Suicide Risk Assessment on Social Media with Semi-Supervised Learning.

作者信息

Lovitt Max, Ma Haotian, Wang Song, Peng Yifan

机构信息

Population Health Sciences, Weill Cornell Medicine, New York, New York, USA.

The Masters School, Dobbs Ferry, New York, USA.

出版信息

Proc IEEE Int Conf Big Data. 2024 Dec;2024:8541-8549. doi: 10.1109/bigdata62323.2024.10825422.

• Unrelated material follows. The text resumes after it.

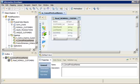In Informatica Developer, concatenate two fields when you want to combine data from two different fields into one field. Use the concat function in an expression transformation to concatenate the fields.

DOI:10.1109/bigdata62323.2024.10825422
PMID:39896202
原文链接:https://pmc.ncbi.nlm.nih.gov/articles/PMC11786971/
Abstract

With social media communities increasingly becoming places where suicidal individuals post and congregate, natural language processing presents an exciting avenue for the development of automated suicide risk assessment systems. However, past efforts suffer from a lack of labeled data and class imbalances within the available labeled data. To accommodate this task's imperfect data landscape, we propose a semi-supervised framework that leverages labeled (n=500) and unlabeled (n=1,500) data and expands upon the self-training algorithm with a novel pseudo-label acquisition process designed to handle imbalanced datasets. To further ensure pseudo-label quality, we manually verify a subset of the pseudo-labeled data that was not predicted unanimously across multiple trials of pseudo-label generation. We test various models to serve as the backbone for this framework, ultimately deciding that RoBERTa performs the best. Ultimately, by leveraging partially validated pseudo-labeled data in addition to ground-truth labeled data, we substantially improve our model's ability to assess suicide risk from social media posts.

摘要

随着社交媒体社区越来越成为自杀个体发布和聚集的场所,自然语言处理为自动化自杀风险评估系统的开发提供了一条令人兴奋的途径。然而,过去的努力存在缺乏标注数据以及可用标注数据中类别不平衡的问题。为了适应这项任务不完美的数据情况,我们提出了一个半监督框架,该框架利用标注数据(n = 500)和未标注数据(n = 1500),并通过一种新颖的伪标签获取过程对自训练算法进行扩展,该过程旨在处理不平衡数据集。为了进一步确保伪标签质量,我们手动验证了在多个伪标签生成试验中未得到一致预测的部分伪标注数据。我们测试了各种模型作为该框架的基础,最终确定RoBERTa表现最佳。最终,通过除了真实标注数据之外还利用部分经过验证的伪标注数据,我们大幅提高了模型从社交媒体帖子评估自杀风险的能力。